╭─ GIVEN MATERIAL

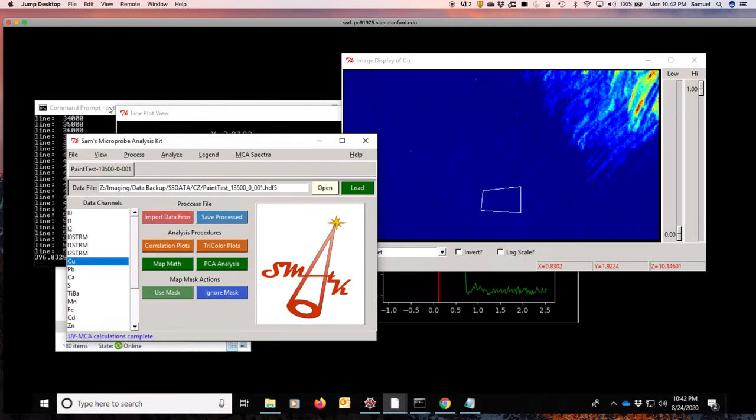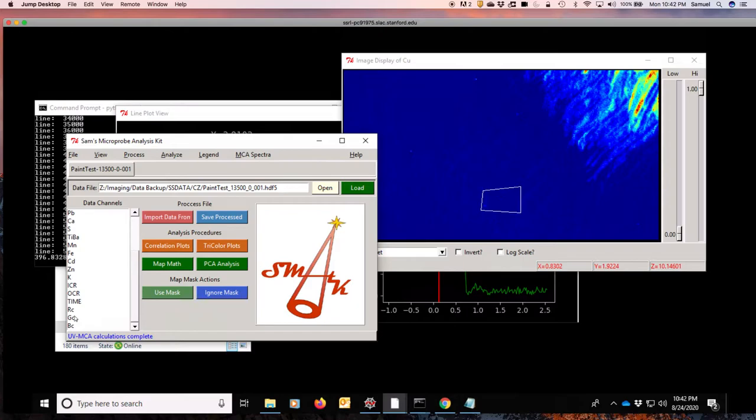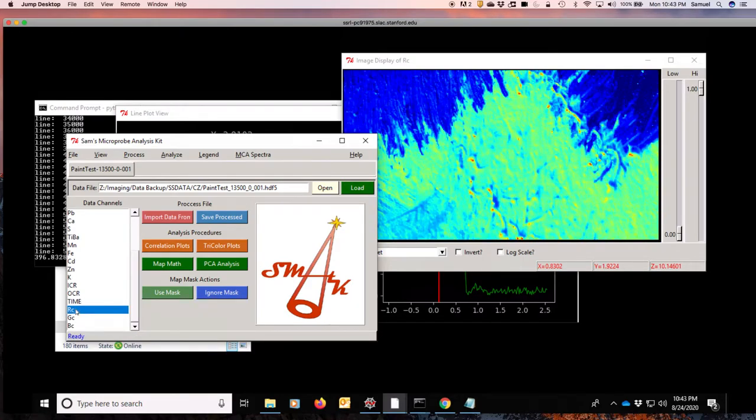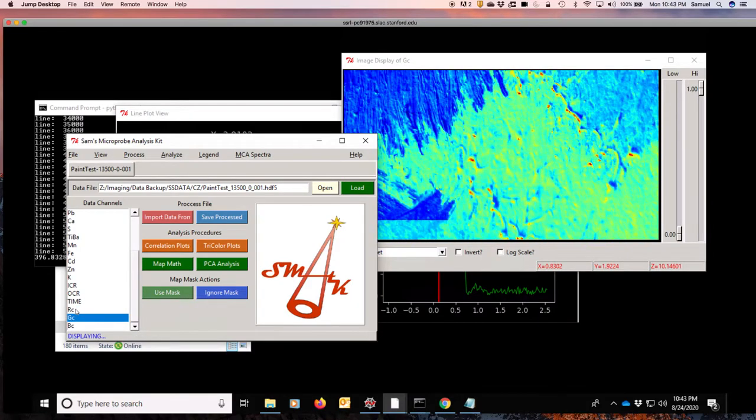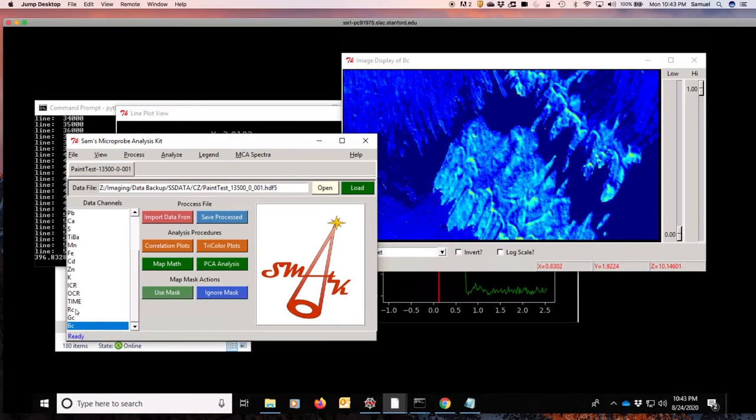Okay, so some time has passed now, and the calculations are now complete. We can scroll down and see that we have now channels for the red, green, and blue parts of the spectrum.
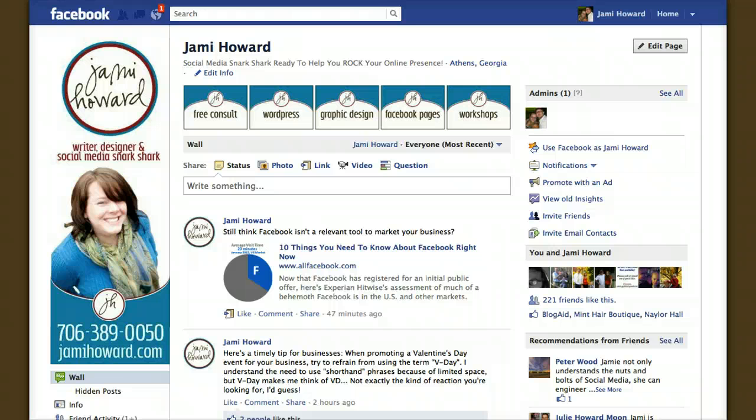So thanks for watching. I'm Jamie Howard with JamieHoward.com and I hope that I can help you with more of these.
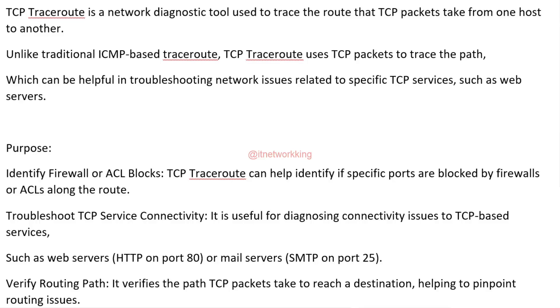Verify Routing Path. It verifies the path TCP packets take to reach a destination, helping to pinpoint routing issues.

╰─

▶ **EXERCISE**:
Leaving out all pictures, transcribe the listing exactly.

▶ **OUTPUT FOR THIS EXERCISE**:
Okay, so some time has passed now, and the calculations are now complete. We can scroll down and see that we have now channels for the red, green, and blue parts of the spectrum.
So thanks for watching. I'm Jamie Howard with JamieHoward.com and I hope that I can help you with more of these.
Verify Routing Path. It verifies the path TCP packets take to reach a destination, helping to pinpoint routing issues.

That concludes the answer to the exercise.